Is This a Complex Sequence? I am taking a look at the sequence $\{(-2)^\frac{1}{k}\}_{k=1}^\infty$. 
First, I have never really seen this type of sequence before... is this a valid sequence? I am reading online about complex sequences now, and I am not sure if this would be considered as one. 
If this is some sort of valid sequence (complex or not), is it possible to determine whether this sequence is convergent and monotonic?
 A: 
is it possible to determine whether this sequence is [...] monotonic?

To speak of a sequence being monotonic, there needs to be a notion of order. The complex numbers cannot be ordered, however. That is, for two complex numbers $z_1,z_2$, you can't say whether $z_1 < z_2$ or $z_1 > z_2$ under usual circumstances. Thus, the sequence can't be monotonic, since to be monotonic you have to be able to see something is less than or greater than another thing in the first place.
You can see a proof by counterexample of this fact in this video by Dr. Peyam. Basically, if you can say the complex numbers are ordered, then since $0 \ne i$, you should have $0<i$ or $i<0$, but both lead to contradictions, and thus no ordering.

Now back to your first question, which is a bit more nuanced to approach:

First, I have never really seen this type of sequence before... is this a valid sequence? 
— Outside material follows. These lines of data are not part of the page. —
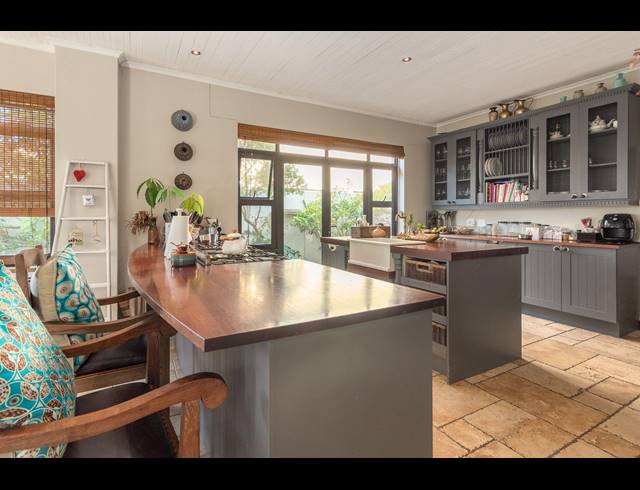 4 BEDROOM HOUSE TO LET IN BIG BAY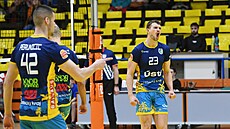 Ústecký volejbalista Matou Lank slaví úspnou akci v zápase s Brnem.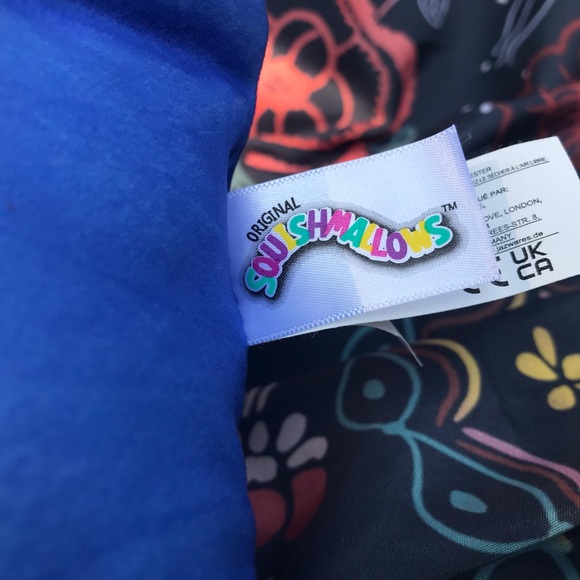 Squishmallows 8” Miss Vi the Axolotl, Light/Dark Blue Ombré - Picture 5 of 7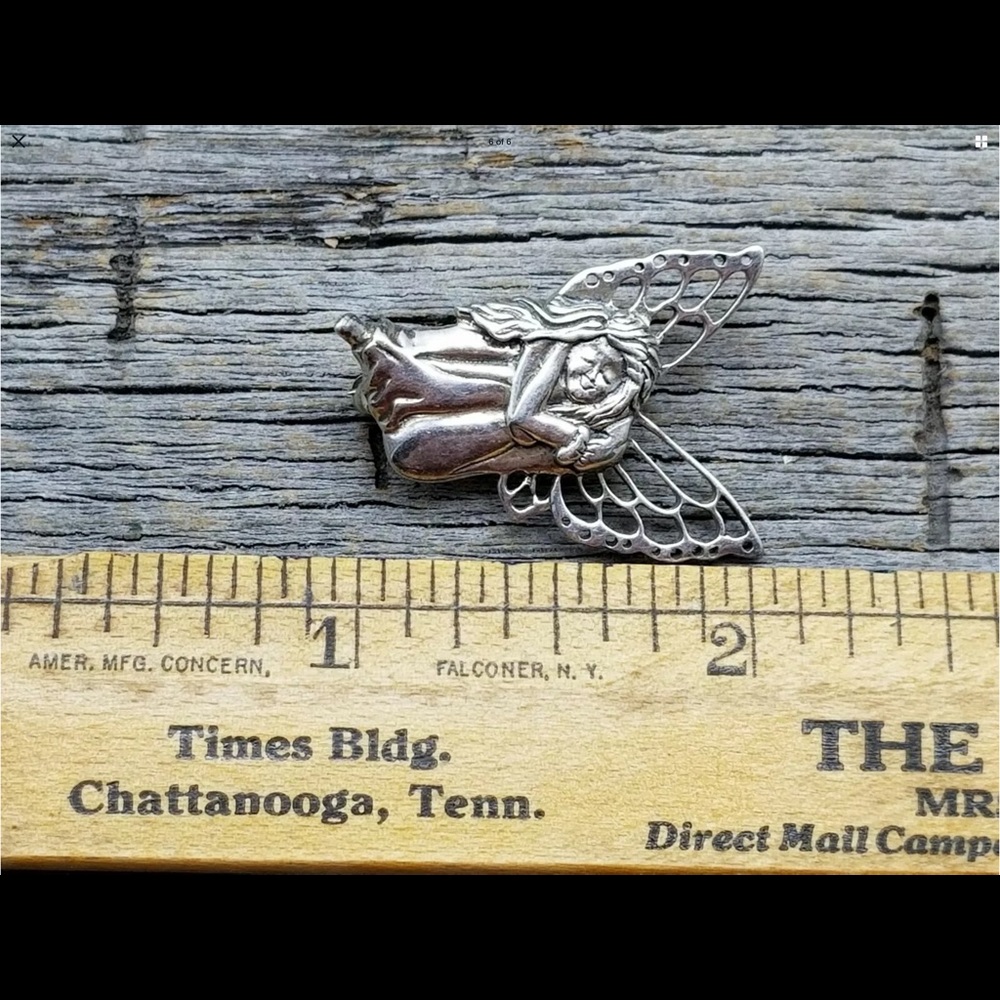 Vintage 925 stamped fairy sitting angel broach - Picture 6 of 6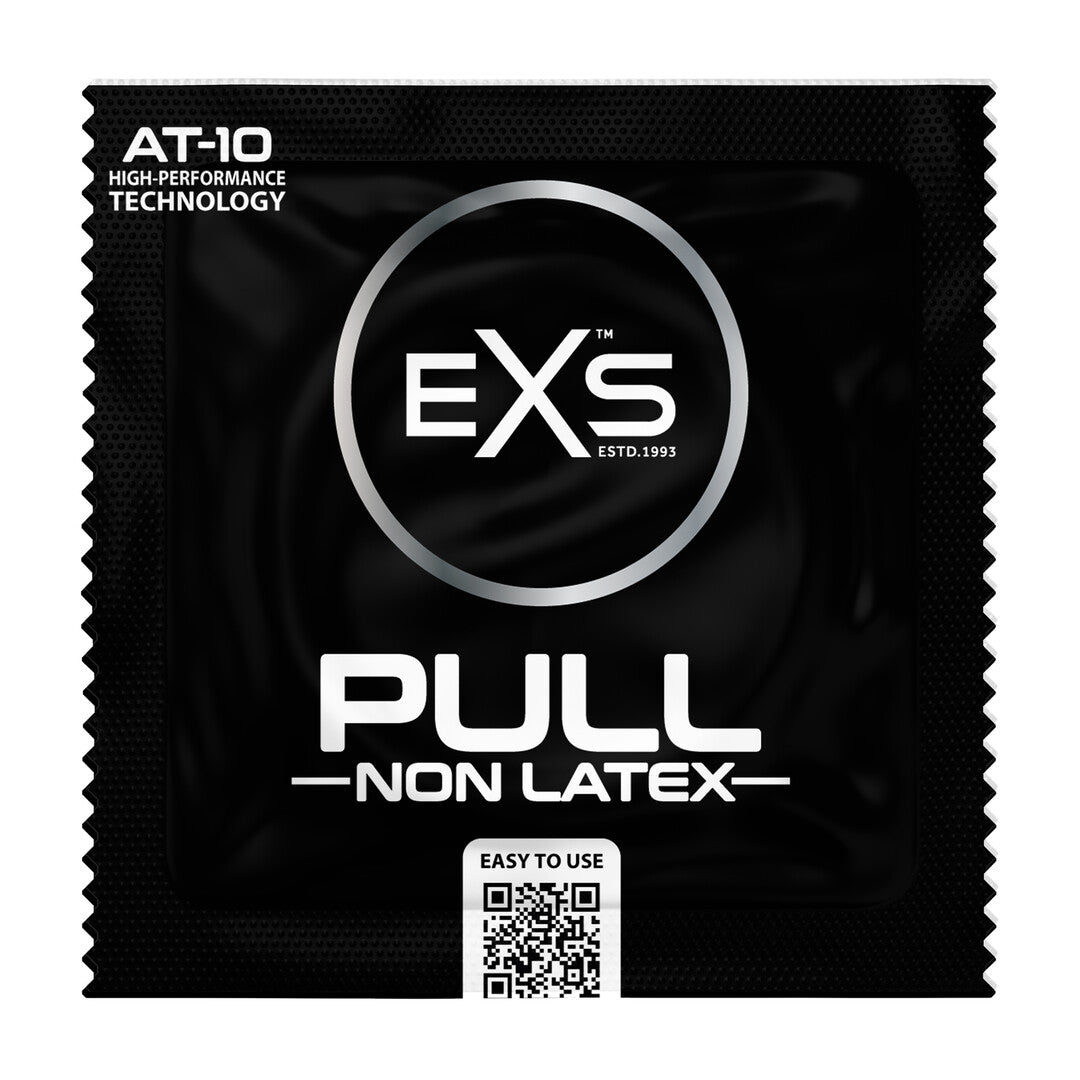 EXS Pull Large latexvrije condooms, close-up van zwart individueel sachet met rond logo en minimalistische verpakking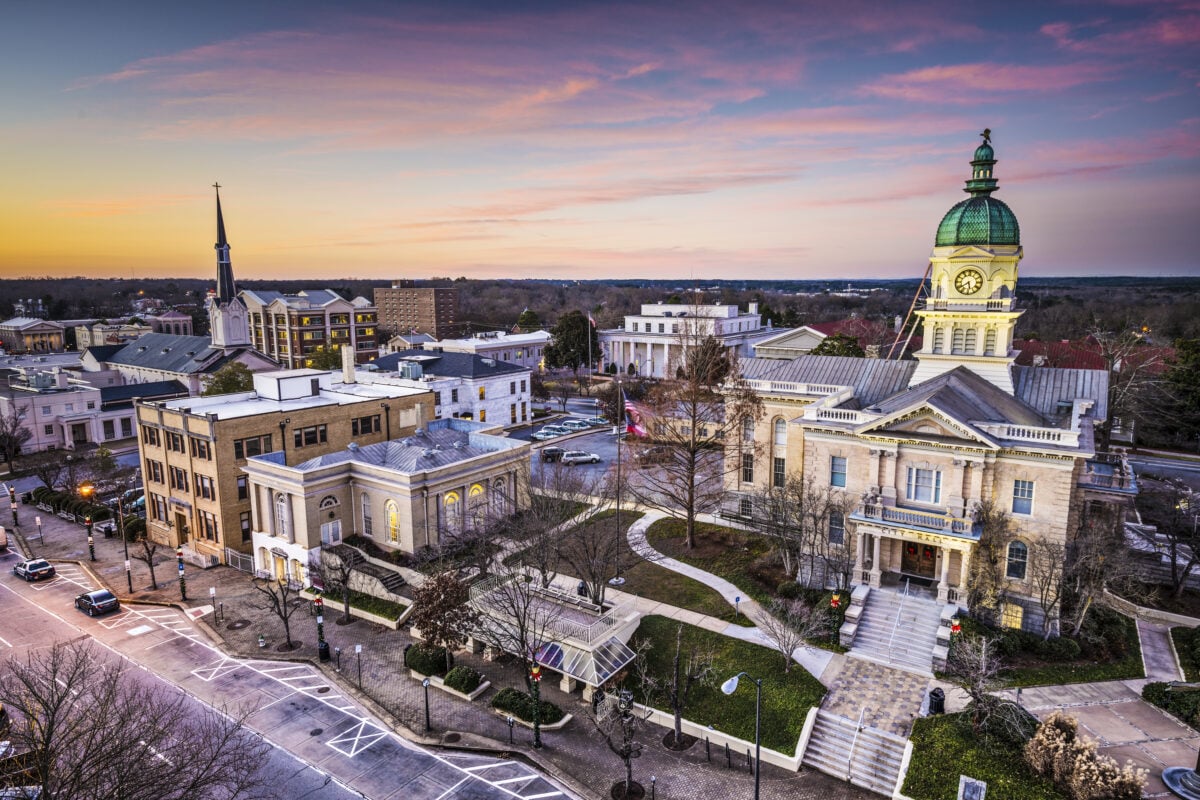 athens georgia shutterstock 172296818 | Two Scots Abroad athens georgia shutterstock 172296818 | 12 Cheapest Cities in the USA to Visit in 2026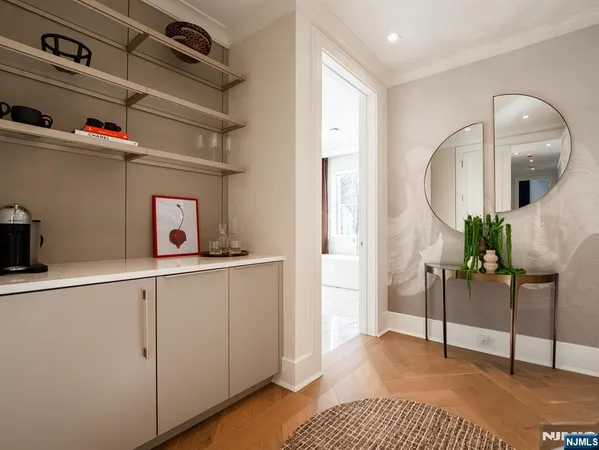 $2,575,000 | 16-18 Paris Avenue, Unit 9, Northvale, NJ 07647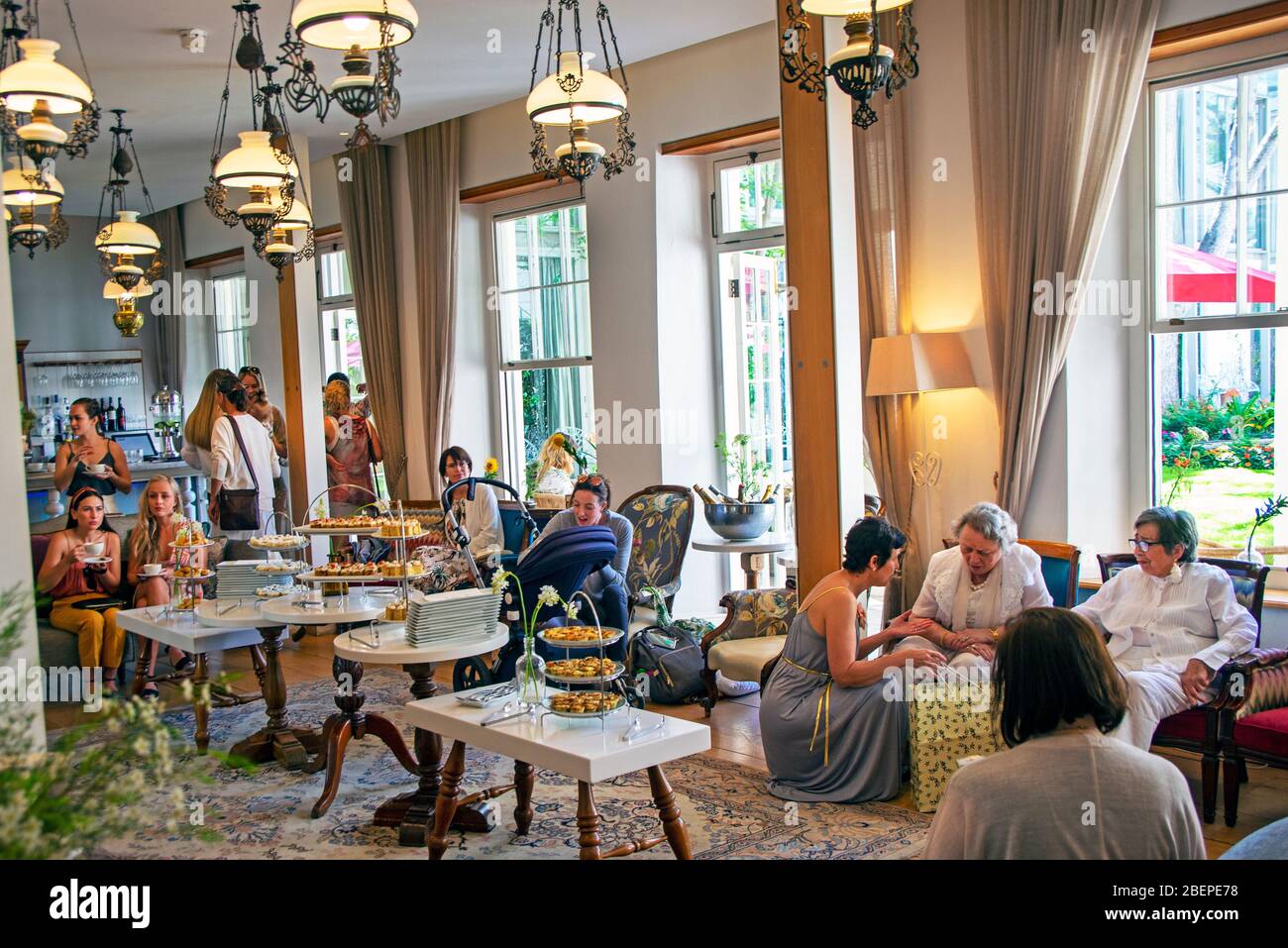 Afternoon tea is enjoyed in an upmarket hotel in Stellenbosch by
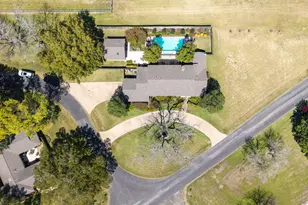 905 Sunny Ln, Wharton, TX 77488 - Photo 5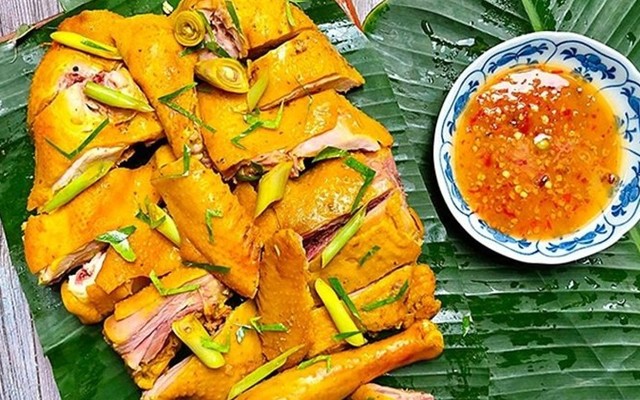 Bếp Na - Chân Gà Xả Tắc & Gà Ủ Muối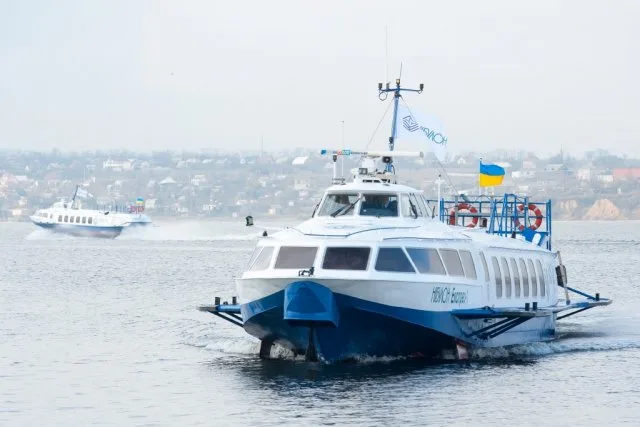 Судно «НИБУЛОН Экспресс-4» будет ходить по маршруту по новому графику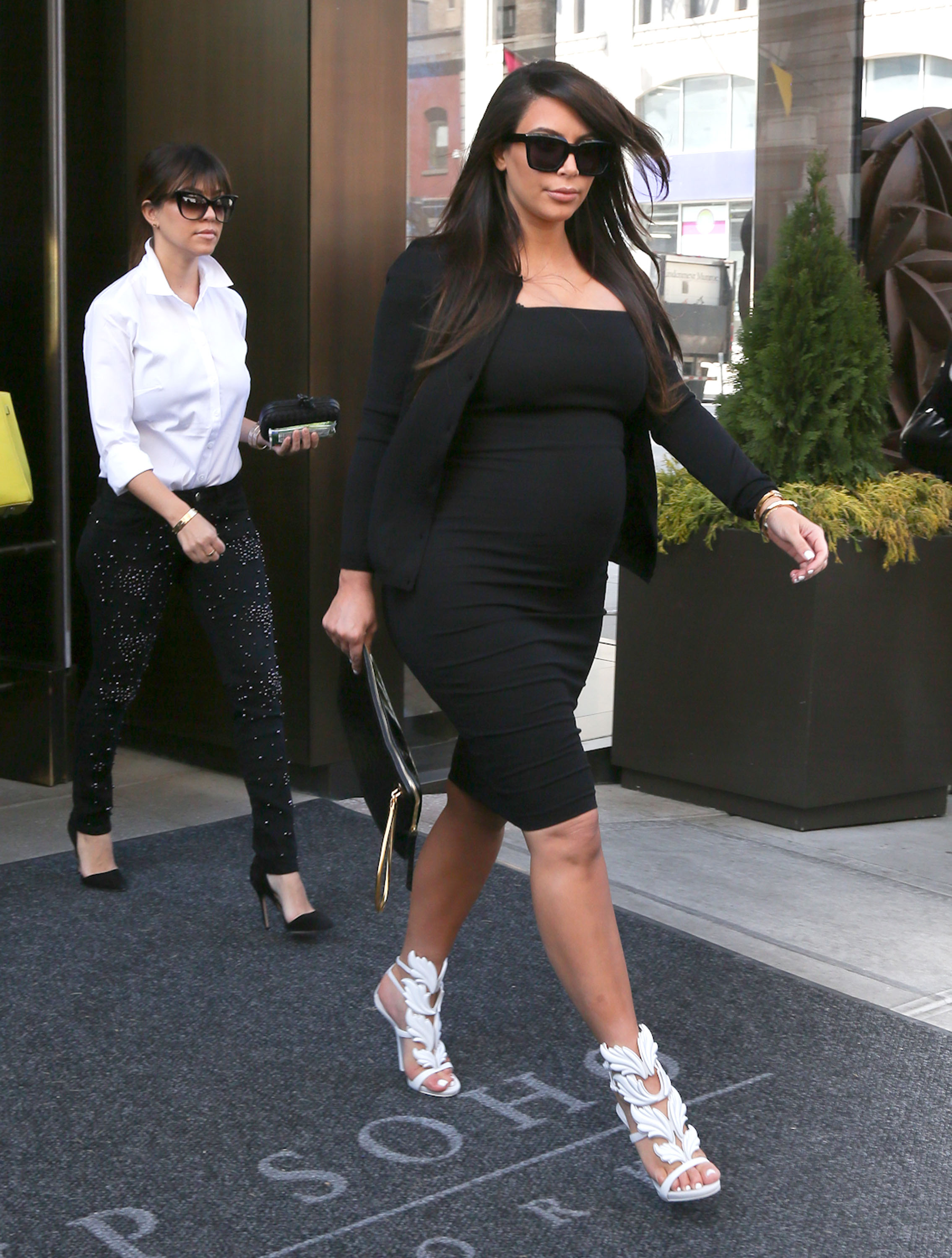 Kim Kardashian revela el sexo de su bebé en su »baby shower»: «¡Es una niña!»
This would absolutely be a sequence of complex numbers, if defined appropriately. The $k$-th member of the sequence is the $k$-th root of $-2$, but the problem is that there will be precisely $k$ such satisfactory numbers, so it needs a bit more specification. In that light, I feel this is too ill-defined as a sequence to properly give one.
For example, which element would you suggest $k=5$ corresponds to, of these: $\sqrt[5] 2 e^{ni\pi/5}$, where $n=1,-1,3,-3,$ or $5$? These are all numbers such that, raised to the fifth power, they are $-2$, but these are also distinct complex numbers. You can see this and approximations for their values on Wolfram:

A complex sequence formally is defined as a function for $f : I \to \Bbb C$ where $I \subseteq \Bbb Z \cap [a,b]$ for some $a,b \in \Bbb R$. (Or, in words: it is a function from an interval of integers to the complex numbers. That interval would be the indices of the members of the sequence.) Thus, you can't have multiple potential values for a member of a sequence: functions only give a single "output" regardless of the "input" given. 
You have to pick one and only one possible root in this case, but which one?
That's why I feel, in this light, the sequence is ill-defined.
In case the image above is suggestive that perhaps we can choose all members of the sequence to be real numbers somehow - and thus manage to have an ordering to prove monotonicity - some members of the sequence will be purely imaginary. For example, take $k=6$. Wolfram returns the following values:

Thus, no worries. Monotonicity is still not possible.


is it possible to determine whether this sequence is convergent[?]

Okay so let's suppose we adapt some sort of convention for the sequence's members and thus only have one possible value for each member of the sequence. Some will be guaranteed to be imaginary, so we have no monotonicity. 
Does it converge, however?
Luckily, yes, it does: to $0$. You can show that (regardless of the means in which we choose the members of the sequence), their magnitude eventually approaches $0$. (That is, the distance of the numbers in the sequence from the origin eventually approaches zero.) All of the complex numbers a fixed distance $r$ from the origin form a circle of radius $r$ centered there, so you can informally imagine this argument in the vein of shrinking a circle to have a "radius" of $0$. More formally, note that
$$(-2)^{1/k} = \sqrt[k] 2 \cdot e^{ni\pi/k}$$
for some integer $n$ that depends on our choice of root. We take the magnitude of both sides. Noting that all complex numbers of the form $e^{i \theta}$ for a real number $\theta$ fall on the unit circle (and thus have a magnitude of $1$), we see
$$|(-2)^{1/k}| = |\sqrt[k] 2 \cdot e^{ni\pi/k}| = |\sqrt[k] 2 |\cdot| e^{ni\pi/k}| = \sqrt[k] 2$$
Clearly, then, if $k \to \infty$, the sequence's members converge in magnitude to $0$, and thus have to converge to $0$ themselves.

In summary:


*

*The sequence is ill-defined as-is. There exist $k$ possible $k$-th roots of a number in the complex plane, so which of those do you pick?

*The complex numbers cannot be ordered, and not all members of the sequence are real numbers. Thus this definitely could be a complex sequence, if defined more precisely, but that also means monotonicity is not at all possible.

*If we define the sequence better, it can be shown to converge to $0$ since the magnitude of the terms (regardless of how we choose the roots) approaches zero.